The firm has hired market veteran Helene Williamson to lead a team in London and Hong Kong due to institutional investor demand. It says it will be launching new products in time.
First State unveils EM debt team to fill product gap

First State Investments (FSI) has moved to fill a substantial product gap by establishing an emerging markets debt team in response to demand from institutional investors around the world.

The international arm of Colonial First State – Commonwealth Bank of Australia’s asset management business – has hired 30-year market veteran Helene Williamson from F&C Asset Management to lead this team.

She is due to start in September based in London, where she will be supported by four new investment specialists, as well as two existing staff based in Hong Kong on the firm’s global fixed interest and credit team.

“We have seen an increasing amount of interest for emerging market debt from existing client relationships and general discussions in the marketplace and felt that was a gap we wanted to fill,” says Michael Stapleton, FSI’s regional managing director for Asia and Japan.

“We are seeing genuine global interest from pension funds, sovereign wealth funds and insurance companies right around the world.

“There are more and more investors from Europe, North America and Australia either increasing their allocations or investing in emerging market debt for the very first time. And clearly institutions in emerging markets will continue to increase those exposures.”

He says FSI has been looking to provide an EM debt capability for some time on the debt side, and stresses that Williamson’s appointment is just the first step in developing that. “We will, in time, launch new products around this new team,” he adds.

While FSI’s Australian operation already has about $55 billion of assets in credit, fixed interest and cash, and FSI manages over $44 billion in Asia-Pacific and global emerging market equity funds, the firm has not had emerging market debt capabilities to speak of.

But Stapleton denies that what is happening in the US and European fixed income markets has acted as a trigger for this move. “The broad trigger is the increase in demand for emerging markets as an asset class both on the equity and debt side,” he confirms.

Asked why FSI has chosen London as the base for the bulk of its emerging markets debt team, Stapleton says it was a question of where the existing talent was.

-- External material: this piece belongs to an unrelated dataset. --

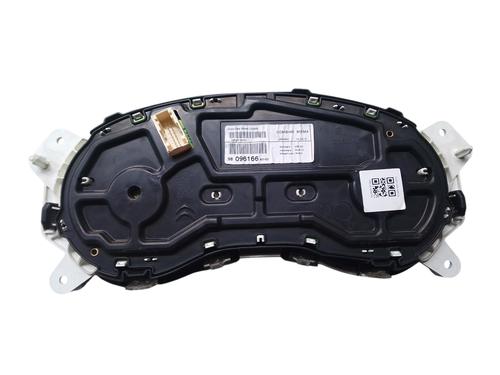 Instrument cluster CITROËN C-ELYSEE (DD_) 1.6 BlueHDi 100 | BP39262785C47 - Image 3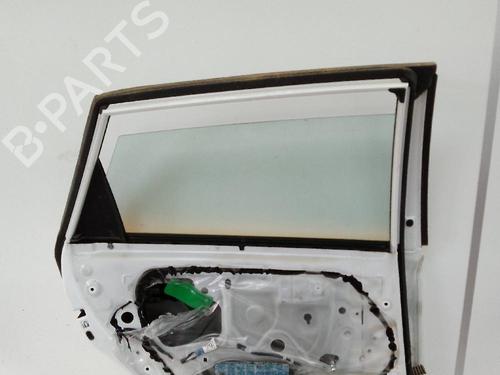 Left rear door TOYOTA AURIS (_E18_) 1.4 D-4D (NDE180_, NDE180R) | BP23559046C4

“Most of the emerging market fixed interest talent is based in the UK, Europe and the US and there are very few firms which have a broad emerging market capability in Asia,” he notes. “Non-Asia is a very big part of the emerging market fixed interest space.”

Williamson will report to Gary Withers, the firm’s regional managing director for Europe, Middle East and Africa.

She joins FSI from F&C Asset Management, where for the past 15 years she was head of emerging market debt. This included five years as head of fixed income.

Prior to that, from 1978 to 1995 she was a senior trader and held several emerging markets roles from credit restructuring to portfolio trading at Bankers Trust Company in London and New York.